Stroke — Cerebrovascular Disease
Stroke — The Brain Attack
From cerebrovascular anatomy and ischemic-cascade molecules to thrombectomy in 2024 — eight integrating modules.
Why a course on stroke?
Stroke is the second-leading cause of death worldwide (~6.5 million deaths per year) and the leading cause of long-term adult disability. One in four adults will have a stroke in their lifetime. Yet stroke is also one of the most treatable acute neurological emergencies: every minute of large-vessel occlusion costs ~1.9 million neurons, and modern reperfusion therapy — intravenous thrombolysis and endovascular thrombectomy — can convert a devastating deficit into near-complete recovery if delivered in time.
This course works from epidemiology and cerebrovascular anatomy through the molecular ischemic cascade and the clinical syndromes, into modern imaging and the evidence-based acute interventions, and finishes with secondary prevention and neuroplastic recovery. It pulls together material from cell physiology, neuroscience, cardiovascular physiology, and pharmacology.
Course Parts
Overview & Epidemiology
Definitions, ischemic vs. haemorrhagic, global burden (~6.5 M deaths/yr, leading cause of disability), risk factors, “Time is brain”, FAST recognition.
Cerebrovascular Anatomy
Internal carotid & vertebrobasilar systems, the Circle of Willis, MCA/ACA/PCA territories, perforating vessels, the watershed zones.
Ischemic Pathophysiology
The ischemic cascade: energy failure, glutamate excitotoxicity, Ca²⁺ overload, ROS, mitochondrial collapse, apoptosis & necrosis. Penumbra biology.
Hemorrhagic Stroke
Intracerebral hemorrhage (hypertensive, amyloid, AVM), subarachnoid hemorrhage (aneurysmal), Cushing reflex, cerebral edema, ICP physiology.
Clinical Syndromes
Anatomy-driven syndromes: MCA, ACA, PCA, lacunar, Wallenberg, locked-in. NIHSS scoring. Crossed deficits and the clinico-anatomic localiser.
Imaging & Diagnosis
Non-contrast CT (early signs, ASPECTS), CTA, CT perfusion (core/penumbra), DWI/PWI MRI, the 4.5 h to 24 h window decision.
Acute Management
IV thrombolysis (alteplase, tenecteplase), endovascular thrombectomy (DAWN, DEFUSE-3), blood-pressure targets, neuro-ICU, decompressive hemicraniectomy.
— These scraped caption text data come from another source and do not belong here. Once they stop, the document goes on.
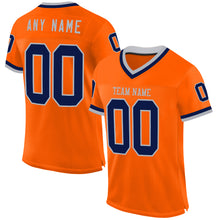 Загрузить изображение в средство просмотра галереи, Custom Orange Navy-Gray Mesh Authentic Throwback Football Jersey
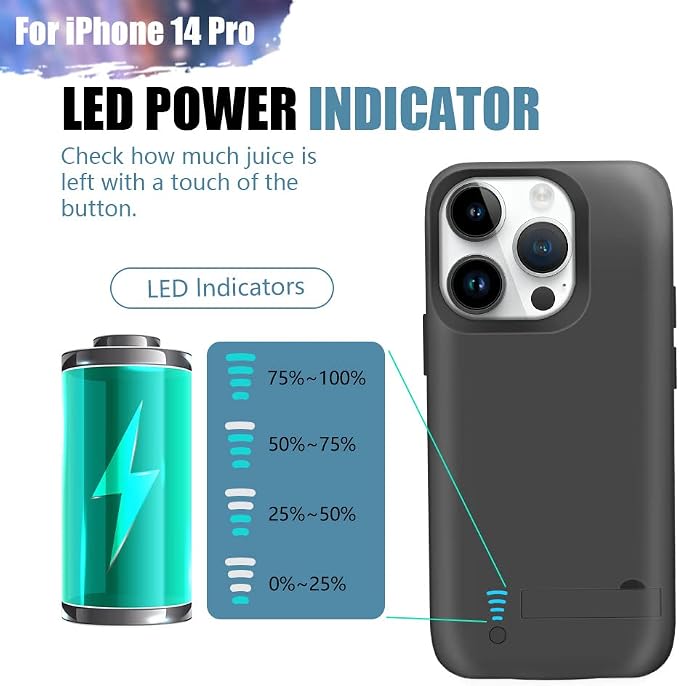 Battery Case for iPhone 14 Pro, 5000mAh Rechargeable Extended Battery Charging/Charger Case, Add 100% Extra Juice (6.1 Inches) Black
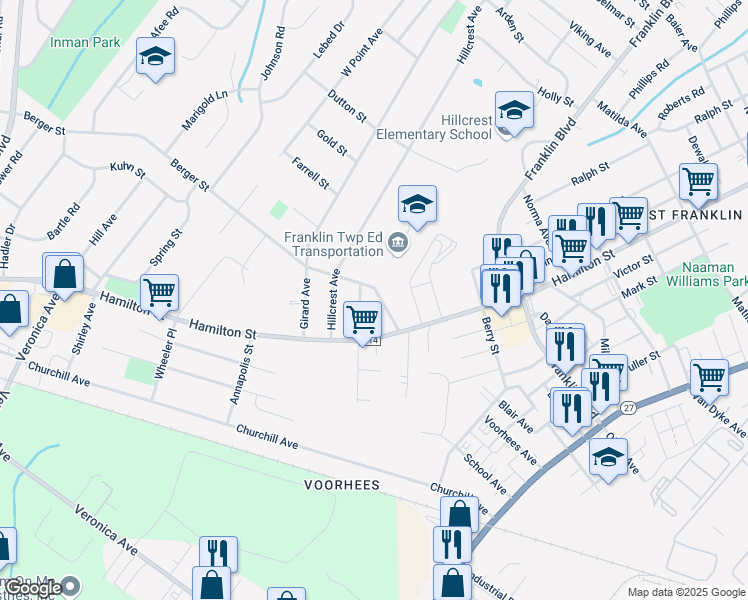 map of restaurants, bars, coffee shops, grocery stores, and more near 414 Vanderbilt Avenue in Franklin Township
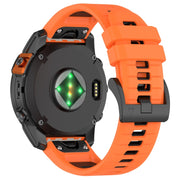 Compatible with Garmin Fenix 6X Pro Sports Two-Color Quick Release Silicone Watch Band(Orange+Black)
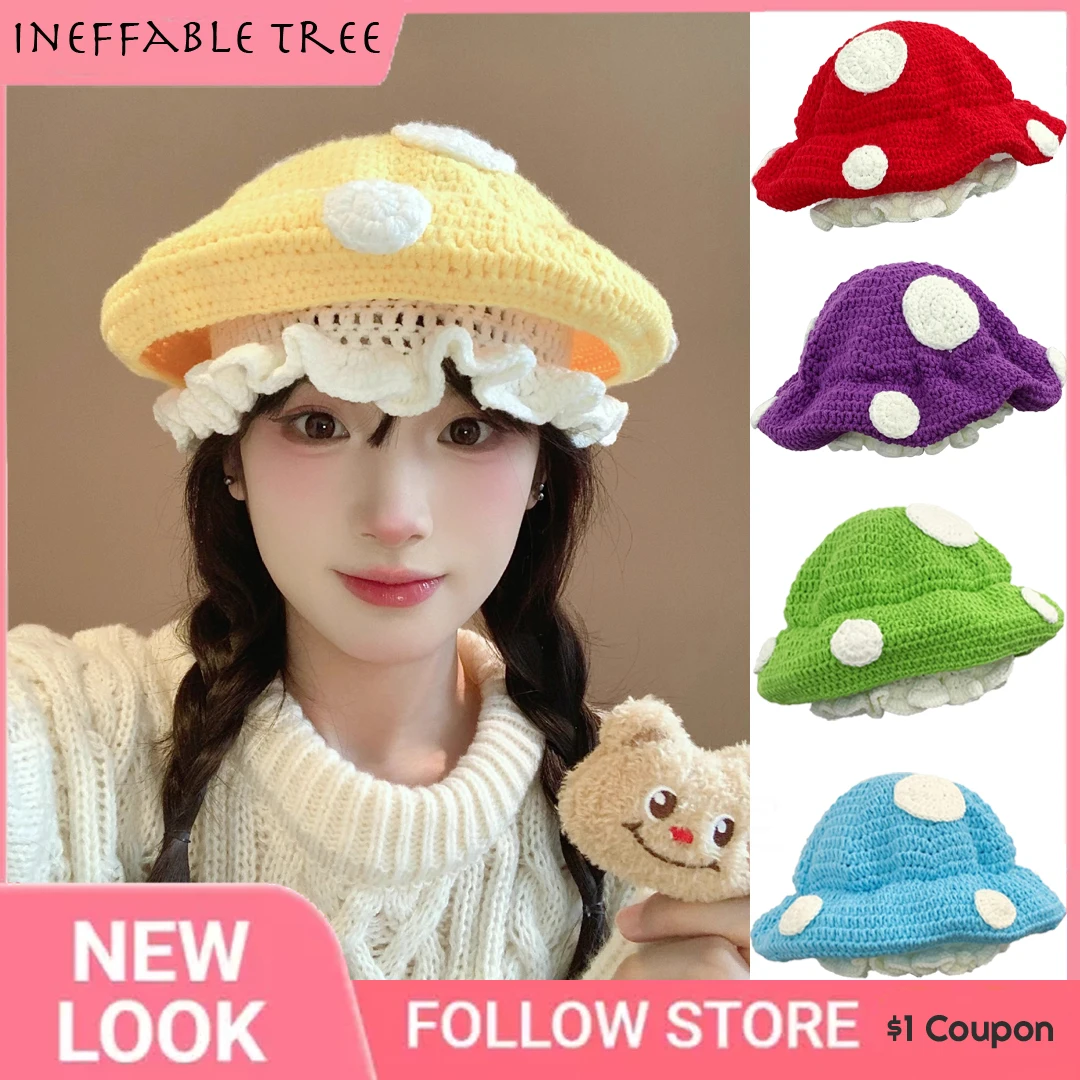 

Cute Mushroom Little Red Riding Handmade Hats for Women Hook Knitted Polka Dot Knitted Beret Hat Autumn Winter Caps Boina Hombre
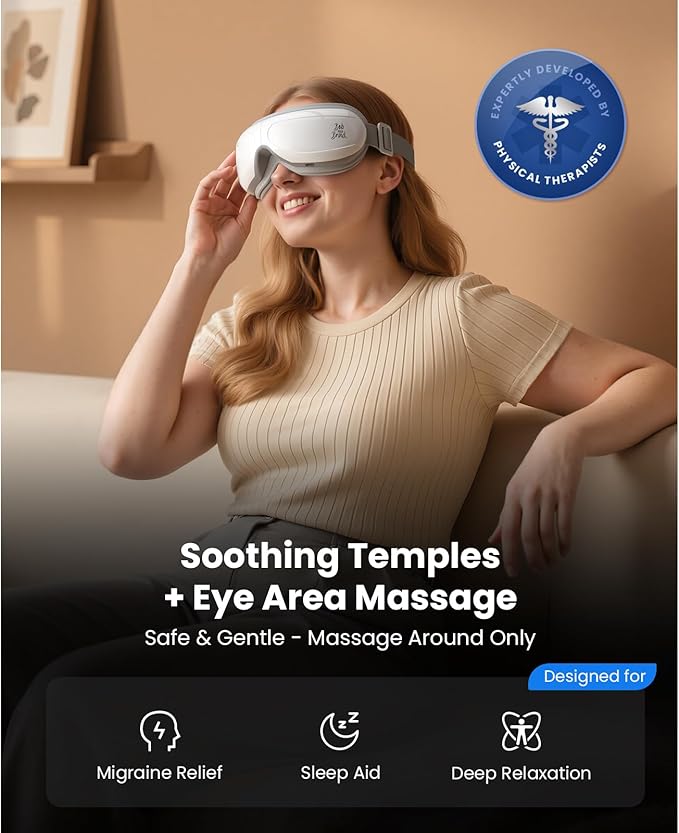 BOB AND BRAD Eye Massager FSA Eligible/HSA Eligible, EyeOasis 2 Heated Eye Mask for Migraines with Music, Smart Migraine Massager Reduce Dry Eyes Improve Sleep, Birthday Gifts for Women Men Mom Dad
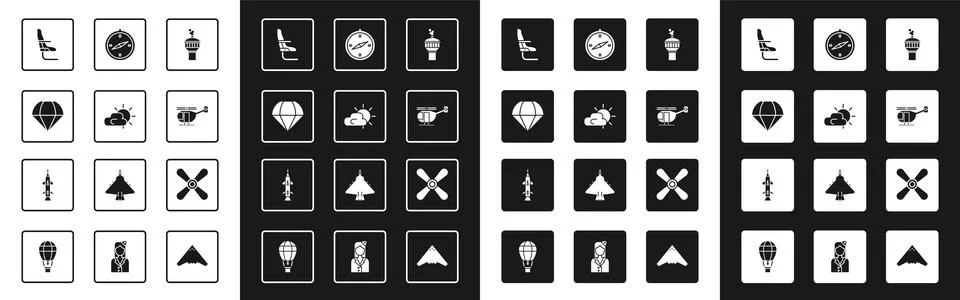 Set Radar, Sun and cloud weather, Parachute, Airplane seat, Helicopter, Com.. Illustration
Prevention & Rehabilitation
Antiplatelets, anticoagulation in AF (DOACs), statins, BP control, carotid revascularisation. Neuroplasticity, motor recovery, aphasia therapy, depression.
What you’ll learn
- Recognise stroke on history alone (FAST/BE-FAST) and predict the affected territory.
- Trace a perforating-artery occlusion to a specific lacunar syndrome.
- Score an NIHSS exam and predict thrombectomy eligibility.
- Read CT for early ischemic changes and ASPECTS scoring.
- Distinguish ischemic core from salvageable penumbra on perfusion imaging.
- Apply DAWN/DEFUSE-3 criteria for late-window thrombectomy.
- Reason about ICH expansion risk and Cushing physiology.
- Choose secondary-prevention regimen by mechanism (LAA, cardioembolic, lacunar).
Prerequisites
Working knowledge of CNS anatomy, action-potential physiology, and basic cardiovascular hemodynamics. The course cross-references Neuroscience, Cell Physiology, and Cardiovascular Physiology.